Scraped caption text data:
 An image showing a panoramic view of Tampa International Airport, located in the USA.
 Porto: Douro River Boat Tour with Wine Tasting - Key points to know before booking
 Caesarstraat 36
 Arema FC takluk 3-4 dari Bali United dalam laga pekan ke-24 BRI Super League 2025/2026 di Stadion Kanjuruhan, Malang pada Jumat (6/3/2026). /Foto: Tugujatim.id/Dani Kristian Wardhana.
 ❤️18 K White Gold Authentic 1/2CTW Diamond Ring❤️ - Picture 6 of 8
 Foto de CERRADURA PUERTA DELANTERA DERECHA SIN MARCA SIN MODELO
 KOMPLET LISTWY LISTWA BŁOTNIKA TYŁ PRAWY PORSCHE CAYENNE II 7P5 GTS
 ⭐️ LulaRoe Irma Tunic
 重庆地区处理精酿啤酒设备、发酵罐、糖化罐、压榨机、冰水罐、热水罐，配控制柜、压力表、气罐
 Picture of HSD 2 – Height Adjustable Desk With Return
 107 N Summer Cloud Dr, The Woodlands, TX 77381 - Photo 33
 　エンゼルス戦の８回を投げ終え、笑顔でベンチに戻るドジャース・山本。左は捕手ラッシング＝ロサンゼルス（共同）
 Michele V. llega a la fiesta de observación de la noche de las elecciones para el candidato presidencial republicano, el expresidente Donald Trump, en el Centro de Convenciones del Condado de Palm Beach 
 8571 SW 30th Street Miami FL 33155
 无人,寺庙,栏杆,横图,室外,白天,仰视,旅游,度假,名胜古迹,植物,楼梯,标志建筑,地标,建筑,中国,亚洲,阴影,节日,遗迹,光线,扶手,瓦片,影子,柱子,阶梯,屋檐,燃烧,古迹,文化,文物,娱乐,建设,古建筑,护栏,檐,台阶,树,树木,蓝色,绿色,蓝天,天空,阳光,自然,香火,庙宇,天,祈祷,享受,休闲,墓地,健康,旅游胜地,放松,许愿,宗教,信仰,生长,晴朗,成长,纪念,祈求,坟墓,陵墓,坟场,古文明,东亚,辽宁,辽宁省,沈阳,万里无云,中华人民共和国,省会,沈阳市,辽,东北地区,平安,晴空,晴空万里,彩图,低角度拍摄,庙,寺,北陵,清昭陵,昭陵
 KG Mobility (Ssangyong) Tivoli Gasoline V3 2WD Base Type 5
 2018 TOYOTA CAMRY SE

WORK ORDER:
Nothing beyond the line that contains "KOMPLET LISTWY LISTWA" belongs in the answer; reproduce the entries exactly from their first line through it.

SOLVED PROBLEM:
 An image showing a panoramic view of Tampa International Airport, located in the USA.
 Porto: Douro River Boat Tour with Wine Tasting - Key points to know before booking
 Caesarstraat 36
 Arema FC takluk 3-4 dari Bali United dalam laga pekan ke-24 BRI Super League 2025/2026 di Stadion Kanjuruhan, Malang pada Jumat (6/3/2026). /Foto: Tugujatim.id/Dani Kristian Wardhana.
 ❤️18 K White Gold Authentic 1/2CTW Diamond Ring❤️ - Picture 6 of 8
 Foto de CERRADURA PUERTA DELANTERA DERECHA SIN MARCA SIN MODELO
 KOMPLET LISTWY LISTWA BŁOTNIKA TYŁ PRAWY PORSCHE CAYENNE II 7P5 GTS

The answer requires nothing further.